Les membres du camp présidentiel brandissent eux toujours l'idée de circonstances exceptionnelles pour rapporter un semblant de vérité aux sénégalais par rapport aux modifications constatées à la vielle du scrutin au mépris de la valeur juridique. C'est pourquoi la Ligue Populaire Sénégalaise dénonce avec la dernière énergie ce coup de force du gouvernement et entend s'ériger en défenseur du peuple à travers des marches de sensibilisation prochaines et de débat au sein des groupes. Nous pensons que l'avis délivré par le Conseil Constitutionnel ne s'appuie sur aucun fondement juridique valable. Nous rappelons, contrairement aux propos des juges, que les populations sénégalaises se sont toujours inscrits massivement sur les listes électorales sans que cela induit à des mesures dérogatoires en l'espèce. Au regard de l'augmentation d'inscrits aux législatives de 2007, le Conseil Constitutionnel était-il en droit de parler d'inscriptions massives en l'espèce ? Nous imputons fermement toutes ces anomalies à l'Etat et à son ministère de l'intérieur, qui devaient naturellement prendre toutes les dispositions nécessaires pour assurer des élections transparentes et libres. Par conséquent, l'argumentaire des " sept sages " du Conseil Constitutionnel nous paraît invraisemblable et demeure irrecevable.
La LPS n'entend pour autant apporter son soutien à aucune de ces forces politiques que nous qualifions toutes de partis neoliberaux sous la tutelle d'un capitalisme sauvage, comme en témoignent leurs discours de campagne et la manière dont l'argent est distribué à gauche et à droite lors des meetings politiques.
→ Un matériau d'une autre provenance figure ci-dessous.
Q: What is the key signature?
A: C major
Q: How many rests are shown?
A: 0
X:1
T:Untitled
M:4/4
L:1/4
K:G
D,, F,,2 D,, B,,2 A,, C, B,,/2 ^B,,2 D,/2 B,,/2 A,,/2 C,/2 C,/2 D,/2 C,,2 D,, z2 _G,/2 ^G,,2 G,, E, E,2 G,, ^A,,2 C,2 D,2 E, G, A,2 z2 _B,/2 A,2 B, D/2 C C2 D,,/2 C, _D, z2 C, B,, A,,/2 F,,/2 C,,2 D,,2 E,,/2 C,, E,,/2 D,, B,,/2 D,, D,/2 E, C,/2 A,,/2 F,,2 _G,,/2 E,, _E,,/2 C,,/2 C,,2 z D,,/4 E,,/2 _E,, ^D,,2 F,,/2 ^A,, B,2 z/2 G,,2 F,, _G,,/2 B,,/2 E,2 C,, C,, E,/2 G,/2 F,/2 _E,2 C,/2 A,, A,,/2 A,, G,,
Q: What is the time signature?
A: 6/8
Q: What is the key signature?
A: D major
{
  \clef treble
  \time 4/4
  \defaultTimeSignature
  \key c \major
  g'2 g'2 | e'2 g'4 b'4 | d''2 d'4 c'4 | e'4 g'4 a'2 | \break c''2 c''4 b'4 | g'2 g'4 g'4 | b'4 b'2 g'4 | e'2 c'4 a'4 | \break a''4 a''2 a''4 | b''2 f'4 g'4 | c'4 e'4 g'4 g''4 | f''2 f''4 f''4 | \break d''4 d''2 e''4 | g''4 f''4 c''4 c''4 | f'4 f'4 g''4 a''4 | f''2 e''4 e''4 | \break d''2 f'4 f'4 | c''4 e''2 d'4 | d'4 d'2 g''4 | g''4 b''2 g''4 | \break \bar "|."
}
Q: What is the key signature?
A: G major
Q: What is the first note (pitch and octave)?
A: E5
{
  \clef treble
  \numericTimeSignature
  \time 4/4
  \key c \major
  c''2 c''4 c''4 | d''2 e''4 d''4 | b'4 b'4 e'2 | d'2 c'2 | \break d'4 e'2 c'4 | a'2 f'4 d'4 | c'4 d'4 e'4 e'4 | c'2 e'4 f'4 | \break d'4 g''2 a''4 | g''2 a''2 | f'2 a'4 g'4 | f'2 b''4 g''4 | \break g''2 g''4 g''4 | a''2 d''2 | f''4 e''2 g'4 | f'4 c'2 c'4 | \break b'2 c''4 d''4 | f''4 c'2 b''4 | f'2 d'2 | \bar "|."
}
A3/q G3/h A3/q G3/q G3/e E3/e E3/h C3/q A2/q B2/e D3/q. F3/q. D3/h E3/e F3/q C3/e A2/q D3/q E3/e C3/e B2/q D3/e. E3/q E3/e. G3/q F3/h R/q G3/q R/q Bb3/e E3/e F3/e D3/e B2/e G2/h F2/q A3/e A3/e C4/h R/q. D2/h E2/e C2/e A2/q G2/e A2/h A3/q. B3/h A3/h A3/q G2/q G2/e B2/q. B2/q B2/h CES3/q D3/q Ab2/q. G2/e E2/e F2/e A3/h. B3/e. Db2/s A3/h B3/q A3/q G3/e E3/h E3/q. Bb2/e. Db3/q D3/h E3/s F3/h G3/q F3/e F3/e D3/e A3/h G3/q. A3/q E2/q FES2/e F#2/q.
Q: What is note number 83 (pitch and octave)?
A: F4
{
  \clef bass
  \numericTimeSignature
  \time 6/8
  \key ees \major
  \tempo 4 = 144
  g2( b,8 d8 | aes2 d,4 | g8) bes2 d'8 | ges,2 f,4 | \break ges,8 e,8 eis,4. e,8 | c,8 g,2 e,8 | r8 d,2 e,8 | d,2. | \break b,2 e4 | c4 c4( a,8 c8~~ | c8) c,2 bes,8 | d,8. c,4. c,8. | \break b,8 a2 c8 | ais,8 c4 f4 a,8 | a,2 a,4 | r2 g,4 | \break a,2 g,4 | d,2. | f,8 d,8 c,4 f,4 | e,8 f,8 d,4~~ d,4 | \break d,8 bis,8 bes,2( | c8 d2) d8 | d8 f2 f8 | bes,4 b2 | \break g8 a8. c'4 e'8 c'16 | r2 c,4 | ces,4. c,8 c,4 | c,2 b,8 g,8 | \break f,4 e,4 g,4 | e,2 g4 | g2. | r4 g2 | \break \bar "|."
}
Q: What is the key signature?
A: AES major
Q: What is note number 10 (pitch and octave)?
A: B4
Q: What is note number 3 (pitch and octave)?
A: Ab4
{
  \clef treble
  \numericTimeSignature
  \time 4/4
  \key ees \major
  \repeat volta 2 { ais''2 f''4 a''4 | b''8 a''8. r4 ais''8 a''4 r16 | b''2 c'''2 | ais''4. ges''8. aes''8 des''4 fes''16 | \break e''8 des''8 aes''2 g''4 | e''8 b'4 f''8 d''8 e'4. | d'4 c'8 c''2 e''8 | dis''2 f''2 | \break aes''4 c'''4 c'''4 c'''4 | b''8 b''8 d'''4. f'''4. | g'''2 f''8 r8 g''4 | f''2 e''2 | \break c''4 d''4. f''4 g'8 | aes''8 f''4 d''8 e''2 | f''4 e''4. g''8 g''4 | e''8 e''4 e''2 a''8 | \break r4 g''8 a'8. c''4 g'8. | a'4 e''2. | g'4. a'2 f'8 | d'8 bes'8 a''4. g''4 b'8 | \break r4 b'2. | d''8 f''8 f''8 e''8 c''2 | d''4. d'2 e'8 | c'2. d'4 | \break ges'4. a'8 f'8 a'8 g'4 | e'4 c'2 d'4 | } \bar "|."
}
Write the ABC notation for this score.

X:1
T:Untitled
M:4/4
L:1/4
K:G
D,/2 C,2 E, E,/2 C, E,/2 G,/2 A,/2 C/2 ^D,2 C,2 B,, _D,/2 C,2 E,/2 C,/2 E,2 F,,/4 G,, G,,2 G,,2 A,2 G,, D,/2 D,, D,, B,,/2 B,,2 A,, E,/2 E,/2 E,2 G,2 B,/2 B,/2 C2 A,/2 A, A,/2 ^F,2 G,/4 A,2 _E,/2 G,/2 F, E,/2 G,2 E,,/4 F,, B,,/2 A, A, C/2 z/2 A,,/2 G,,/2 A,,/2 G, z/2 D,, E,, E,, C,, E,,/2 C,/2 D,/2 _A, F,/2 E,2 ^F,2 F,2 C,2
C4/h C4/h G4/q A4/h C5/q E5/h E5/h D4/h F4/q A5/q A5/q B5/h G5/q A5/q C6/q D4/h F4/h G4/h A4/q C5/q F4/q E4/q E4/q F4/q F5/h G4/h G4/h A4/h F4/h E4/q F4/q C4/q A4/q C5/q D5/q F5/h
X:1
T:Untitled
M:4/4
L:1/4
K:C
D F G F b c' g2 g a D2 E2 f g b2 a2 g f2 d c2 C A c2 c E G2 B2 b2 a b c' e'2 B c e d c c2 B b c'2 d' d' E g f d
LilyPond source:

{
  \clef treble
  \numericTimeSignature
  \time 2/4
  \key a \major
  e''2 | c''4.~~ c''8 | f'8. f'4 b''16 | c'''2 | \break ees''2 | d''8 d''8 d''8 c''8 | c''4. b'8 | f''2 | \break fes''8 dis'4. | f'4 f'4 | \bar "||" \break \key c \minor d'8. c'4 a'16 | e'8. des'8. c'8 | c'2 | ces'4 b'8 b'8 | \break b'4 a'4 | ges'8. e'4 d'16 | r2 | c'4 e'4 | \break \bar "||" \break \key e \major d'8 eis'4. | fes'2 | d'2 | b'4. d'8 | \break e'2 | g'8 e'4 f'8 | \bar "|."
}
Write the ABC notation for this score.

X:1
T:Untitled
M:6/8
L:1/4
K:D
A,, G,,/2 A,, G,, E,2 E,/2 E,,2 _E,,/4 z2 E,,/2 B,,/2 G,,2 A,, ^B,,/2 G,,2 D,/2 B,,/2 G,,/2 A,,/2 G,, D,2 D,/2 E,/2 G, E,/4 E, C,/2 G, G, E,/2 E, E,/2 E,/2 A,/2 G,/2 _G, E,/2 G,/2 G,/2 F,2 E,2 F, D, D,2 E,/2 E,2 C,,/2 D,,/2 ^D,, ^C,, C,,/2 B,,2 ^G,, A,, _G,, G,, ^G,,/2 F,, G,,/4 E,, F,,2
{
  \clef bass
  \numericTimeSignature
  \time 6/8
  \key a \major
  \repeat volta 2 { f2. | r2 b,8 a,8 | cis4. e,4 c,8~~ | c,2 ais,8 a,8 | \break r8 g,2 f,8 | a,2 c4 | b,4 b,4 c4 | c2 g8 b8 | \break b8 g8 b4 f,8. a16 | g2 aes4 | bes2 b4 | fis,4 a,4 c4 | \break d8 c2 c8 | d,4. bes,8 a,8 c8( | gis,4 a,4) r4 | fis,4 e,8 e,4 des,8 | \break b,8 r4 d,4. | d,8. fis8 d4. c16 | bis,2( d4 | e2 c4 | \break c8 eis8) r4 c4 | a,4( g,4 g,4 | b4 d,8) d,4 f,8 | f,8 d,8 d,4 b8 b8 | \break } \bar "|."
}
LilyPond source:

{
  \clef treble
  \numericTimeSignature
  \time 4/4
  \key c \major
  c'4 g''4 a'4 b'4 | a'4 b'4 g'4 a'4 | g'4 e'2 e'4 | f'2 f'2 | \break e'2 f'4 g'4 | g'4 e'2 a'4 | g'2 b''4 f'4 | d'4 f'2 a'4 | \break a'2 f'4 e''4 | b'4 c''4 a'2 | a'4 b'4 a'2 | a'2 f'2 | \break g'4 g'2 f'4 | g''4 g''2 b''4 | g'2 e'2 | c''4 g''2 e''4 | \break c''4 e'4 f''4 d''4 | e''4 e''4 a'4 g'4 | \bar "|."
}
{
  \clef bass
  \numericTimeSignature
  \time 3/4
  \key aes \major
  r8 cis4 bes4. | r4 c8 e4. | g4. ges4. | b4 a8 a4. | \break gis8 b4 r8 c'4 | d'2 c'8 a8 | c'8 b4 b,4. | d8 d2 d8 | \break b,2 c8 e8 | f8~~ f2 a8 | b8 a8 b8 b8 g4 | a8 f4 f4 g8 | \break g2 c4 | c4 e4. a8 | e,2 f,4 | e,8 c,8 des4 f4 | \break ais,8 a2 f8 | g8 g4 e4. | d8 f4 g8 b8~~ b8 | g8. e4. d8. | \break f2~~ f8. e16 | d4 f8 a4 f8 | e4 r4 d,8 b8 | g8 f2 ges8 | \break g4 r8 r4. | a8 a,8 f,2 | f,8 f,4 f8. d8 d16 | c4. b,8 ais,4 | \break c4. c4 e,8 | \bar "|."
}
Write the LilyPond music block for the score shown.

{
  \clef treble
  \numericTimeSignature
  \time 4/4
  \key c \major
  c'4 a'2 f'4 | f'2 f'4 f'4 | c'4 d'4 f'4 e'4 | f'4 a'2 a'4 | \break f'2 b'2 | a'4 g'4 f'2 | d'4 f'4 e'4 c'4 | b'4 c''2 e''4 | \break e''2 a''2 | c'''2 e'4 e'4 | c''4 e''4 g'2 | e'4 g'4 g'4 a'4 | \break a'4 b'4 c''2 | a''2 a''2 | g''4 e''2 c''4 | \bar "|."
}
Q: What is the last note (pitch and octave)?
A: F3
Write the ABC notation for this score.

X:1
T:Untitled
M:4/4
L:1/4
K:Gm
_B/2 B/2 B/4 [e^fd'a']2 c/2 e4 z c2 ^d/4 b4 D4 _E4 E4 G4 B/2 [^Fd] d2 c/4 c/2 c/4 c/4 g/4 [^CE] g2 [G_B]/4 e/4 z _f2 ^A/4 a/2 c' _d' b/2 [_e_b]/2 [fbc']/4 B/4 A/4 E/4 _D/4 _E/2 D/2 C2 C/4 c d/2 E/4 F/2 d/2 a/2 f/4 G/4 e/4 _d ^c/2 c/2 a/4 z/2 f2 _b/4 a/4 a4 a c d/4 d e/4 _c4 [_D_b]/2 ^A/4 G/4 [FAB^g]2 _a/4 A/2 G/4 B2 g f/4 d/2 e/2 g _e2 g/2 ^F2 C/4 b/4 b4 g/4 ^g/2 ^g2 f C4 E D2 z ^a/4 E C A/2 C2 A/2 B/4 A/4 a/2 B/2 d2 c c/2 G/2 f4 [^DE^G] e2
La précipitation au sommet de l'Etat n'augure en aucun cas des lendemains meilleurs pour la démocratie sénégalaise. Et il est inacceptable de constater d'ailleurs qu'en Afrique les résultats provisoires sont toujours définitifs, malgré les recours auprès du Conseil Constitutionnel. Des le lendemain du scrutin, la commission nationale de recensement des votes, présidée par le président de la Cour d'appel, Demba Kandji, s'est précipité pour annoncer les résultats provisoires de ces mêmes élections. Sur un nombre d'inscrits de 6 214 446, il y a 3 328 325 votants pour 27 351 bulletins nuls. Soit 3 300 974 bulletins valablement exprimés. En dépit du comptage des votes, dans la capitale Dakar, la bataille entre l'opposition et le pouvoir s'est révélé tres rude, occasionnant ainsi des contestations de part et d'autre. Aujourd'hui, toutes les coalitions de partis politiques sont à couteaux tirés et fustigent à leur manière le processus électoral devant les journalistes, malgré le rappel des missions d'observation, y compris celles de l'Union Africaine, avec à sa tête l'ancienne chef d'État de la Centrafrique, Madame Catherine Samba panza, sur le fait que le scrutin était entaché d'irrégularité et de sabotage dans certaines zones comme la ville de Touba (grande ville religieuse). C'est la majorité présidentielle qui remporte les élections avec au total 125 sièges sur 165 dont 97 pour le parti au pouvoir, l'APR. Les autres alliés vont se partager les autres sièges de députés restant (les 28 sièges). Le parti socialiste ( de l'ancien président Abdoulaye Diouf, soutien du régime en dépit des voix dissonantes du maire de Dakar ) n'aura que 15 députés, l'Alliance des forces du progrès (l'AFP, parti de l'actuel président de l'Assemblée nationale) 6 parlementaires, 2 pour la Ligue
démocratique d' Abdoulaye Bathily, candidat malheureux des récentes élections de la Commission de l'Union africaine etc.. À partir de ce schéma politique il est difficile d'entrevoir une Assemblée nationale du peuple et pour le peuple.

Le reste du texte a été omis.